If you fancy a good chuckle one of these days, pop into your nearest record shop (it'll have to be either an absolutely massive one that stocks everything, or a really, really cool little one that stocks only the best), go to the "H" section and stand there reading the back of some Half Man Half Biscuit albums.

99% Of Gargoyles Look Like Bob Todd
It's Clichéd To Be Cynical At Christmas
Reasons To Be Miserable, Part 10
Improv Workshop Mimeshow Gobshite
Styx Gig (Seen by My Mates Coming Out of A)
Tonight Matthew, I'm Going To Be With Jesus
Paintball's Coming Home
I Love You (Because You Look Like Jim Reeves)
I Was A Teenage Armchair Honved Fan
All I Want For Christmas Is A Dukla Prague Away Kit
Turned Up Clocked On Laid Off
I Left My Heart In Papworth General

Just some of the brilliant song titles that HMHB maestro Nigel Blackwell has bestowed upon us over the years. But if you want to give yourself even more of a chuckle, you could do a lot worse than pick one of the albums up. For some twenty-odd years now - with a short break in the late '80s before a glorious '90s reformation - possibly the only decent band ever to come from the Wirral Peninsula have ploughed a genuinely unique furrow in pop music, crafting wonderfully witty songs and biting satire on the sort of subjects that nobody else ever bothers to write biting satire about (Subbuteo, C.A.M.R.A., Bob Wilson, Camberwick Green and Trumpton, that sort of thing). They're much more than just a "funny" band, though, demonstrating that it's possible to write immensely listenable, tuneful indie pop with a slightly folkish bent while simultaneously matching such tunes to lyrics that make you piss yourself laughing. Indeed, it's the quality of the tunesmithery that elevates them far above anything that could be considered "novelty" (see also : They Might Be Giants, often tagged with the "novelty" label but simply far too musically gifted to be called such).

Possibly the finest lyricist currently working - Half Man Half Biscuit's now-balding genius Nigel Blackwell
Half Man Half Biscuit singer Nigel Blackwell.

It's slightly difficult then, to really review a HMHB album in relation to all the others - particularly since they reformed in the '90s, each album has generally been comparable to the one before it. And that's no bad thing - it's hard to get disappointed with such consistency (in some bands, it can be seen as repetitiveness - but when you're the only band doing a particular thing, and there really is no-one else like the Biscuit, you can be forgiven for continuing to do it to your best). So any HMHB review would basically consist of "Yep, still on form, same old same old, if you like 'em already you probably have it already, and if you don't you really should give them a try with this one".

Except, well. That used to be the case. But now they've gone and made Achtung Bono. Now, before you get all perturbed, don't worry.
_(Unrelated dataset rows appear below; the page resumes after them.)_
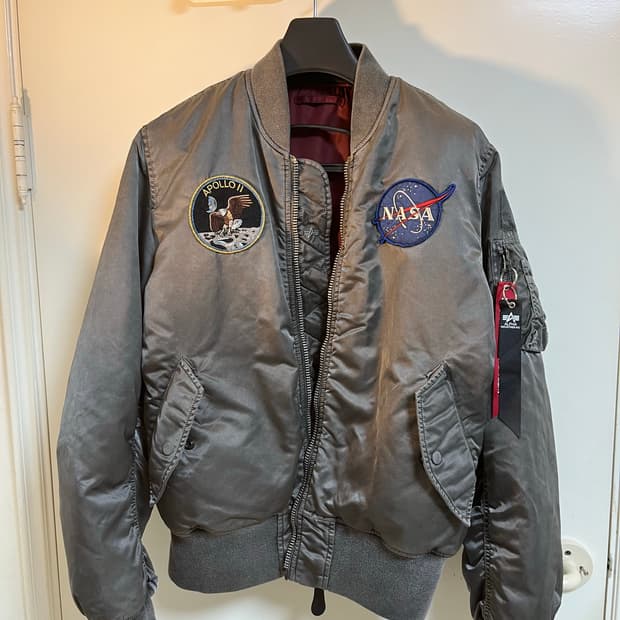 알파인더스트리 배틀워싱 아폴로 MA-1 항공점퍼 M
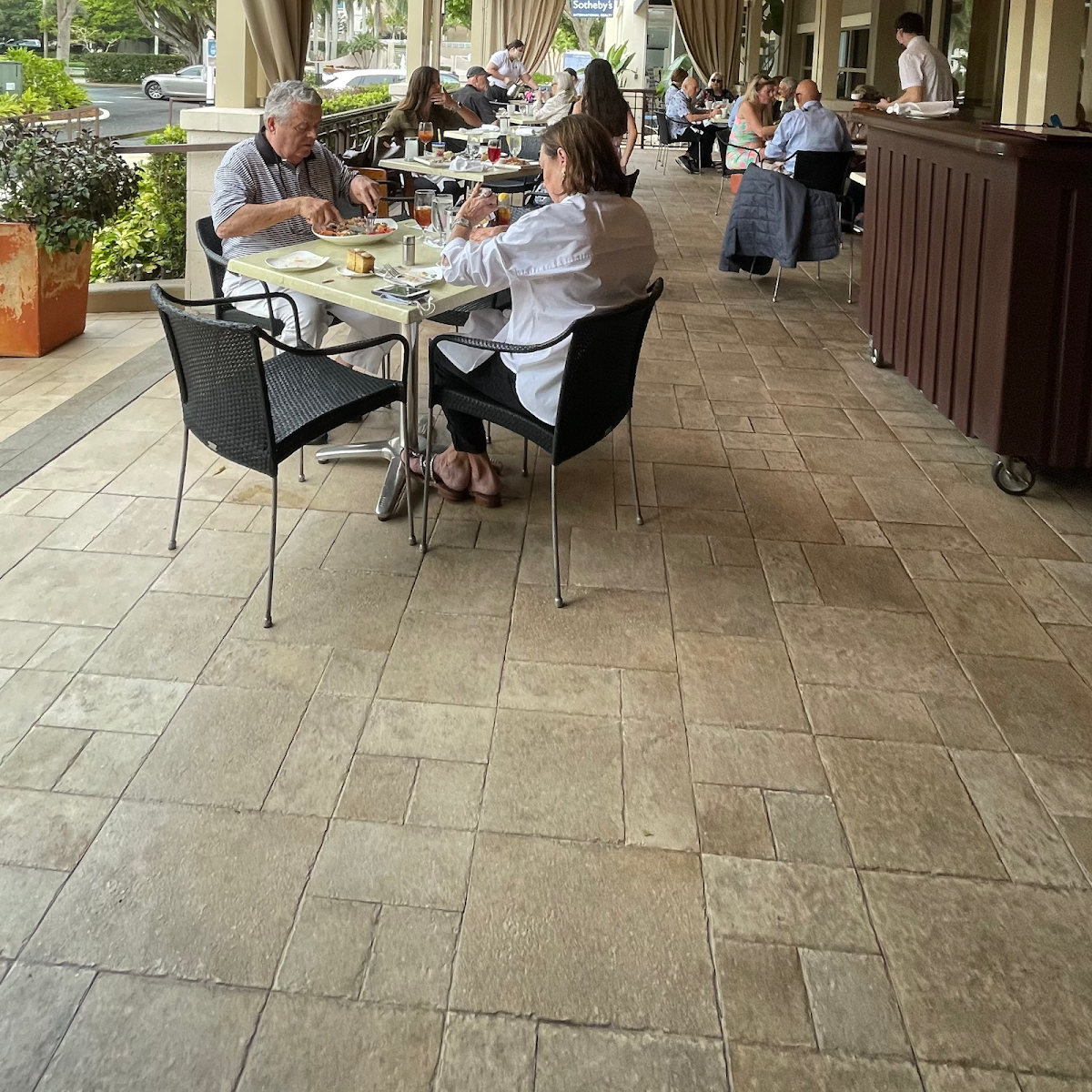 M Waterfront Grille, foto 1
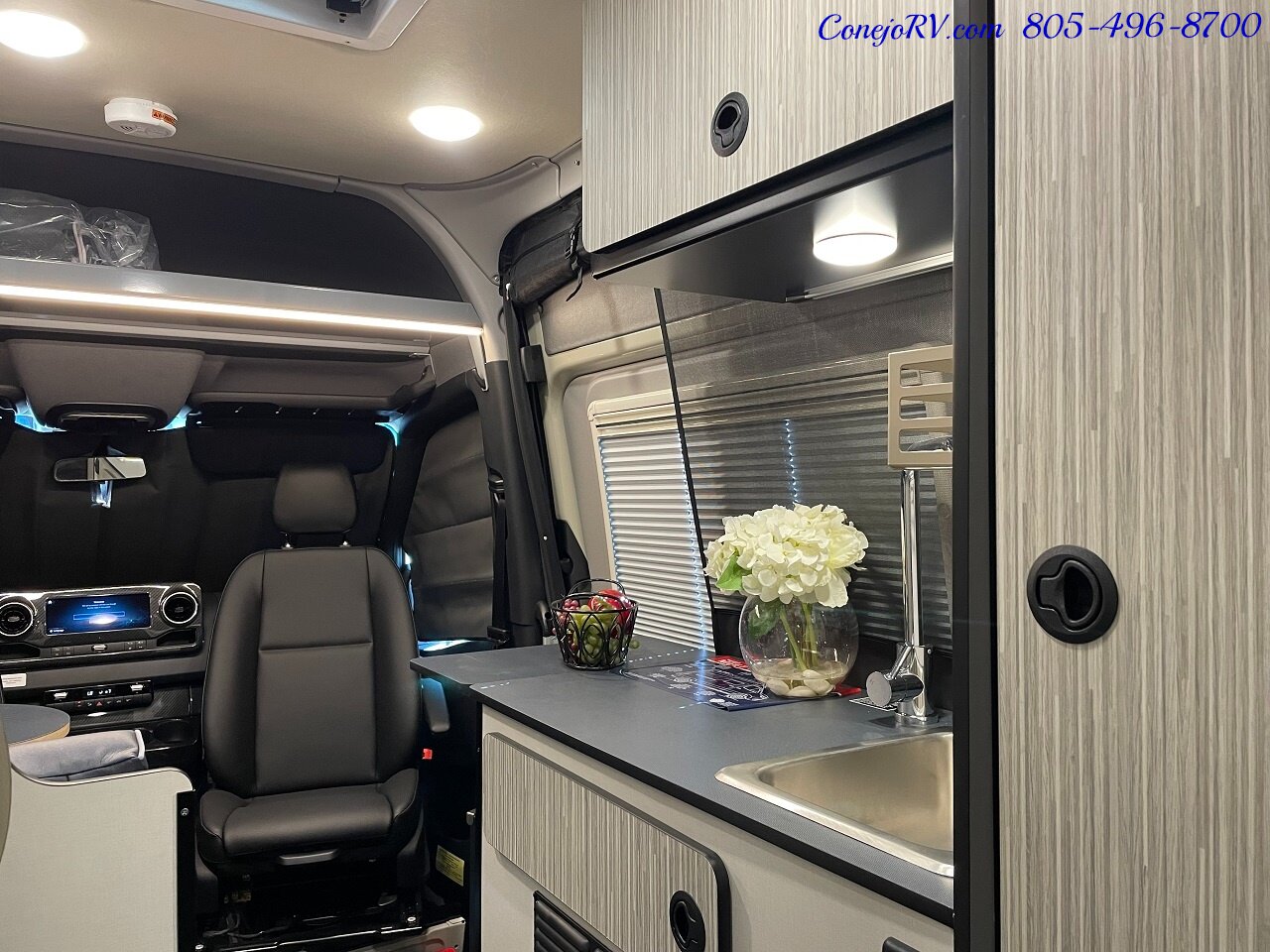 2024 Winnebago Revel 44E 4X4 Sprinter Mercedes Turbo Diesel, 320 AH Lithium   - Photo 32 - Thousand Oaks, CA 91360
They're still doing exactly the same sort of thing they've been doing since the utterly incomparable debut album Back In The D.H.S.S. It's just... this one isn't like the other recent albums. It's not just another Trouble Over Bridgewater, Four Lads Who Shook The Wirral or Voyage To The Bottom Of The Road. This might actually, whisper it, be the best album they've ever done (well, since D.H.S.S., anyway).
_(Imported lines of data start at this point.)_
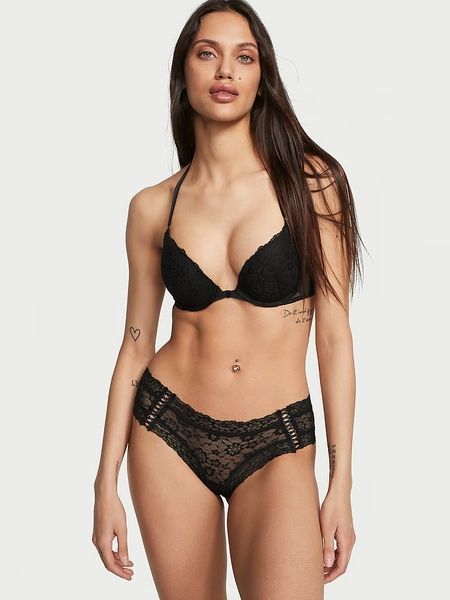 Трусики-чики женские кружевные Victoria's Secret Lace-Up Cheeky Panty черные w9k-7y6-j1h фото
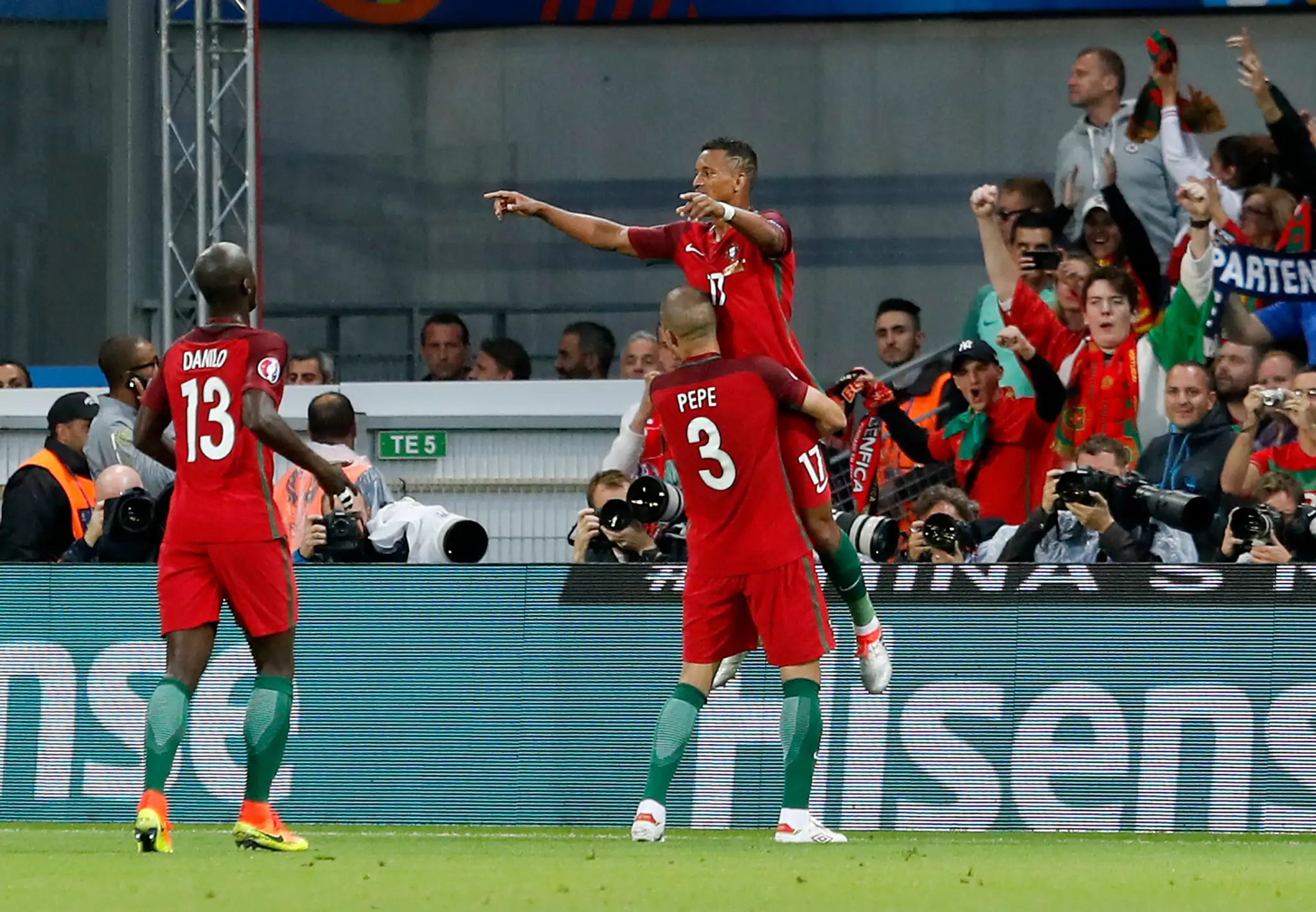 Portugalčan Nani (hore) oslavuje so spoluhráčom Pepem gól do bránky Islandu na ME vo Francúzsku.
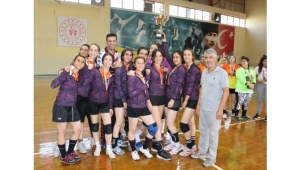 Zübeyde Hanım hentbolcuları, Cumhuriyet Kupası’nda zirvede!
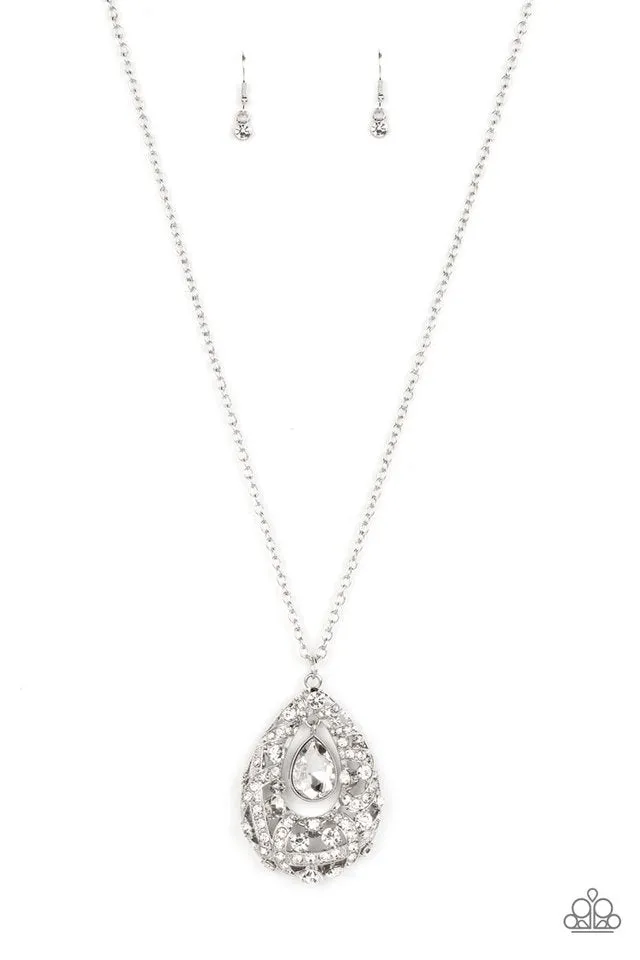 Paparazzi Necklace ~ Glitz and GLOW - White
All the usual ingredients are in place, but there just seems to be something extra-special running through Blackwell's songwriting here. For starters, the quotability factor seems higher than ever. Blackwell's songs have always been littered with endlessly repeatable couplets of unassailable wit, but even by his standards he's pushing the bar here, whether complaining that "I've only got three bullets and there's four of Motley Crue", explaining the plot of "a cricketing farce with a thickening plot / Act One, Scene One, Brenda Blethyn gets shot" or baffling us all with punnish yet nonsensical statements like "Nero fiddles while Gordon Burns". Some of his standard lyrical targets come in for their usual flak here, such as his obsession with (and distaste for) B&Q Homebase - "If Jesus came to Earth today / They'd crucify him straight away / Upon a cross of MDF / And they'd use No Need For Nails", while Brasseye gets a reference in the form of the title "Depressed Beyond Tablets". Libertines fans, meanwhile, may take umbrage with "Shit Arm, Bad Tattoo"'s assertion that instead of spending fourteen quid on their second album, Blackwell "could have put my head in a bucket full of porridge / And moaned about the hospital parking scheme"; but it's hard to argue with the pointed pedantry of the same song's "If you're going to quote from the Book of Revelation / Don't keep calling it 'The Book Of Revelations' / There's no 's' - it's the Book of Revelation".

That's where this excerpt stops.